Problem requirements. Write out each entry below exactly; the images do not belong in your copy.

--- Records provided Enclosed Below ---

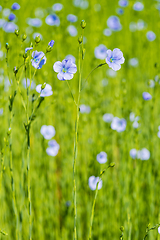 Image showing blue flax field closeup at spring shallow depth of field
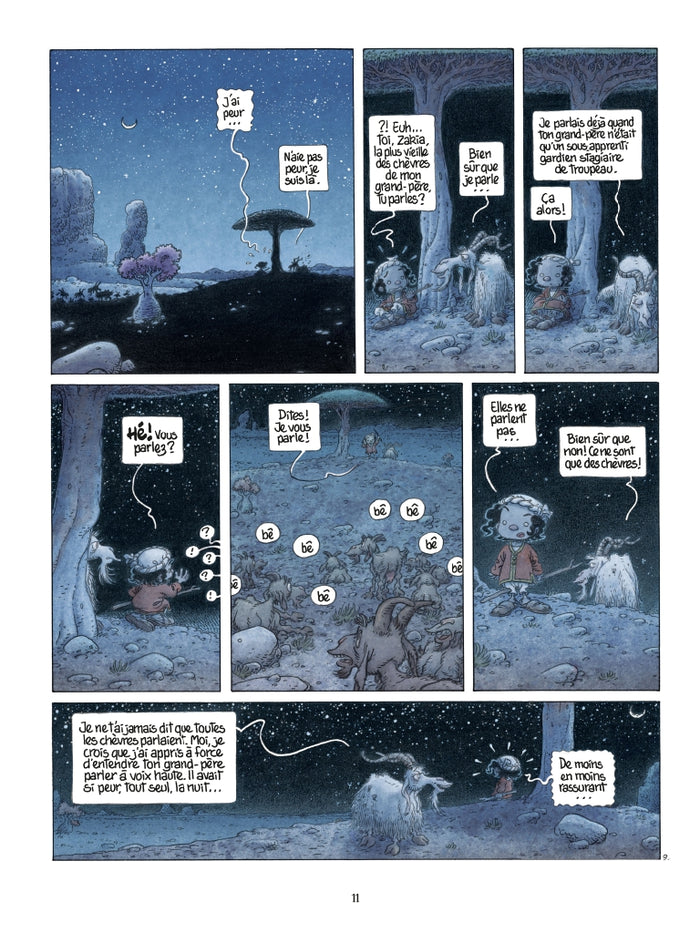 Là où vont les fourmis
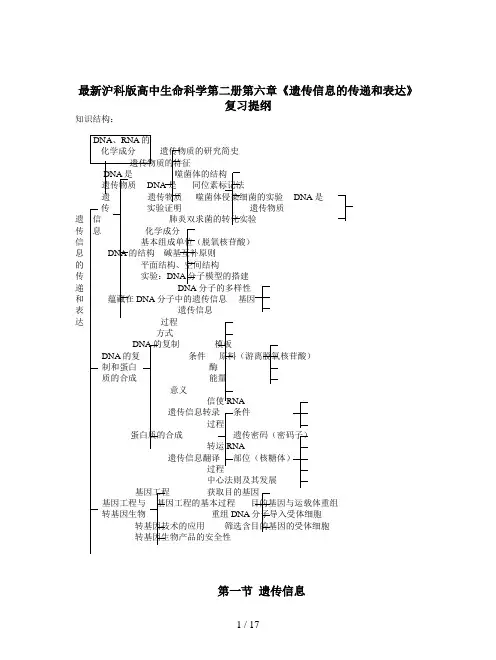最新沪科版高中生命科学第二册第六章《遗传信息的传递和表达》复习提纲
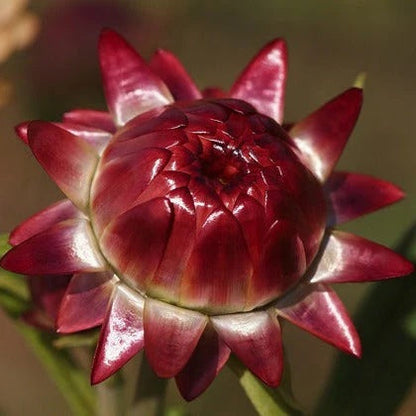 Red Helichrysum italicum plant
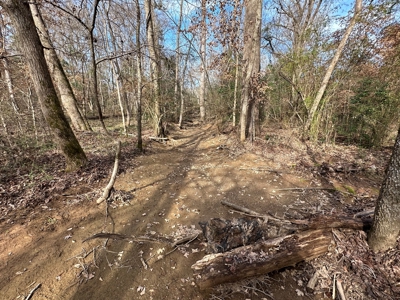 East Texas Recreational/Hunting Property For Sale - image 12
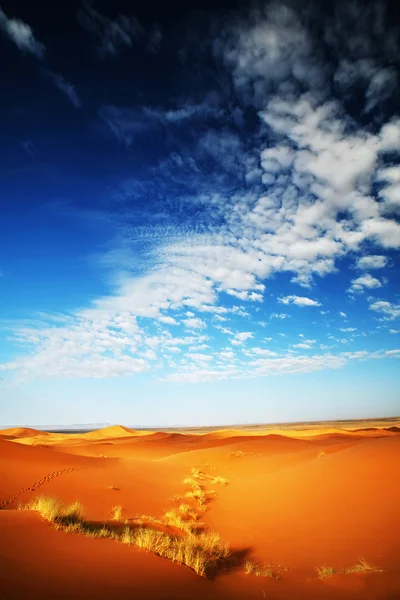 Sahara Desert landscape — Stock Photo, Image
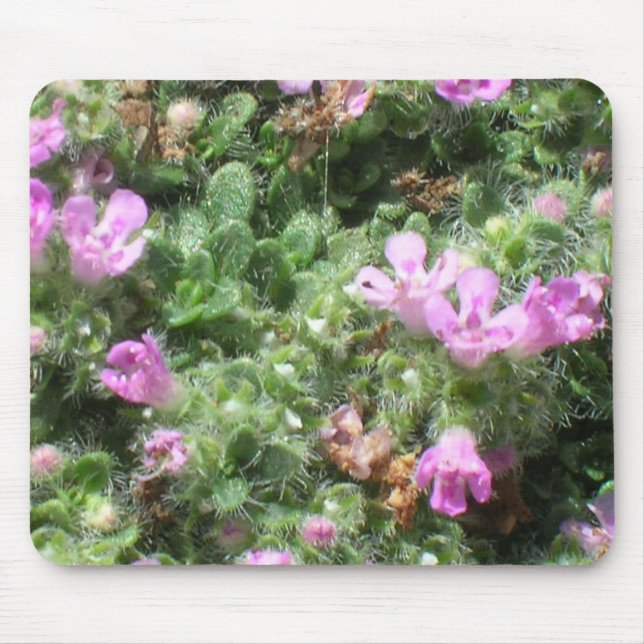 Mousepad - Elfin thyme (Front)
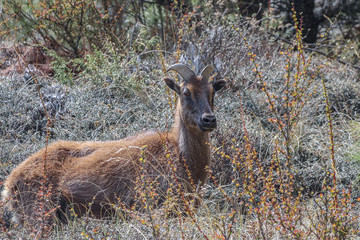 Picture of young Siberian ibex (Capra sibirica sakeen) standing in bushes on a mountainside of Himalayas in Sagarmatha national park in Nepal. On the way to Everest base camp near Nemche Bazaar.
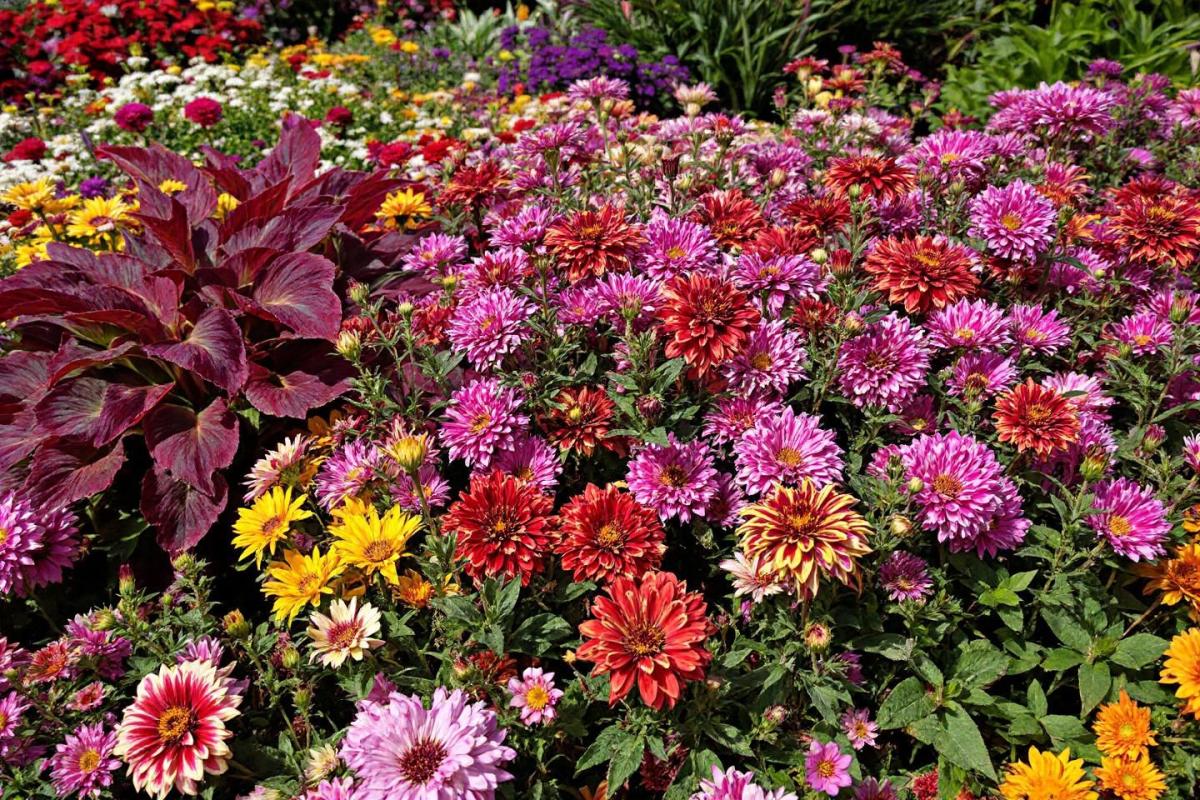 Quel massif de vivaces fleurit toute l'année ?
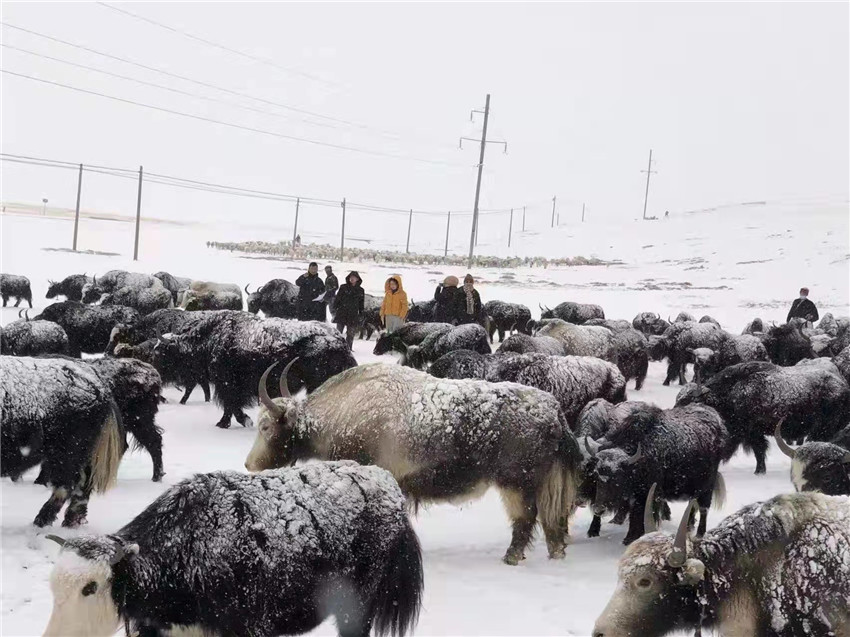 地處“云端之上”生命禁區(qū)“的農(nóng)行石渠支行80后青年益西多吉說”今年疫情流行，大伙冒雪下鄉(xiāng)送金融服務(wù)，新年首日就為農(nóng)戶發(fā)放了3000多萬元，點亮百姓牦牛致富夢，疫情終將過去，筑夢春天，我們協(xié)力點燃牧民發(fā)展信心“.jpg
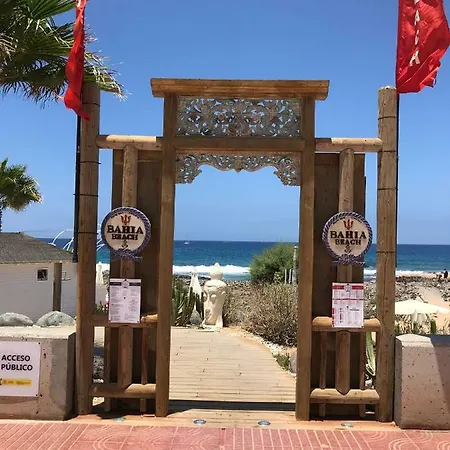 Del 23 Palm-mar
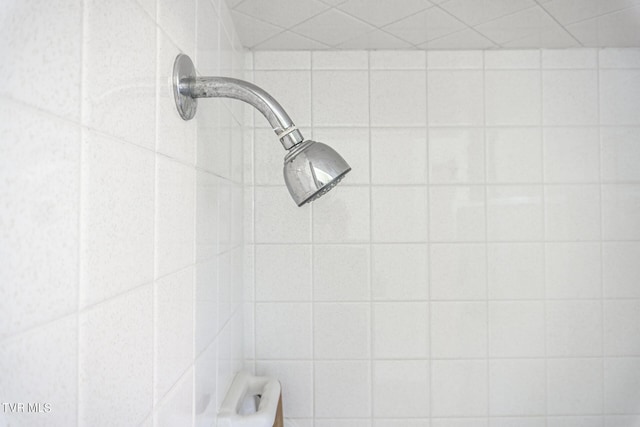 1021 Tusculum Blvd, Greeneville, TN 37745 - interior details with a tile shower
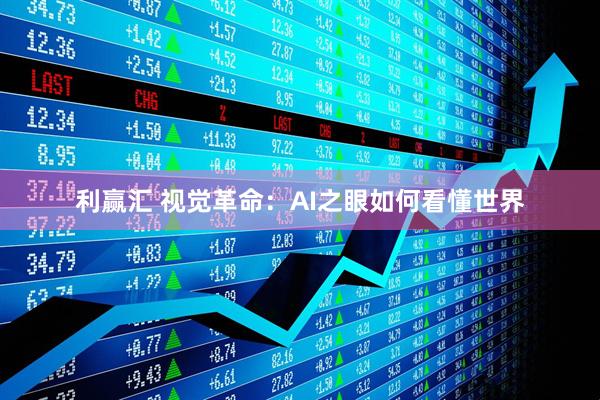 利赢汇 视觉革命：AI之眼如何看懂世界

--- End of Enclosed Records provided ---

Result of the exercise.
 Image showing blue flax field closeup at spring shallow depth of field
 Là où vont les fourmis
最新沪科版高中生命科学第二册第六章《遗传信息的传递和表达》复习提纲
 Red Helichrysum italicum plant
 East Texas Recreational/Hunting Property For Sale - image 12
 Sahara Desert landscape — Stock Photo, Image
 Mousepad - Elfin thyme (Front)
 Picture of young Siberian ibex (Capra sibirica sakeen) standing in bushes on a mountainside of Himalayas in Sagarmatha national park in Nepal. On the way to Everest base camp near Nemche Bazaar.
 Quel massif de vivaces fleurit toute l'année ?
 地處“云端之上”生命禁區(qū)“的農(nóng)行石渠支行80后青年益西多吉說”今年疫情流行，大伙冒雪下鄉(xiāng)送金融服務(wù)，新年首日就為農(nóng)戶發(fā)放了3000多萬元，點亮百姓牦牛致富夢，疫情終將過去，筑夢春天，我們協(xié)力點燃牧民發(fā)展信心“.jpg
 Del 23 Palm-mar
 1021 Tusculum Blvd, Greeneville, TN 37745 - interior details with a tile shower
 利赢汇 视觉革命：AI之眼如何看懂世界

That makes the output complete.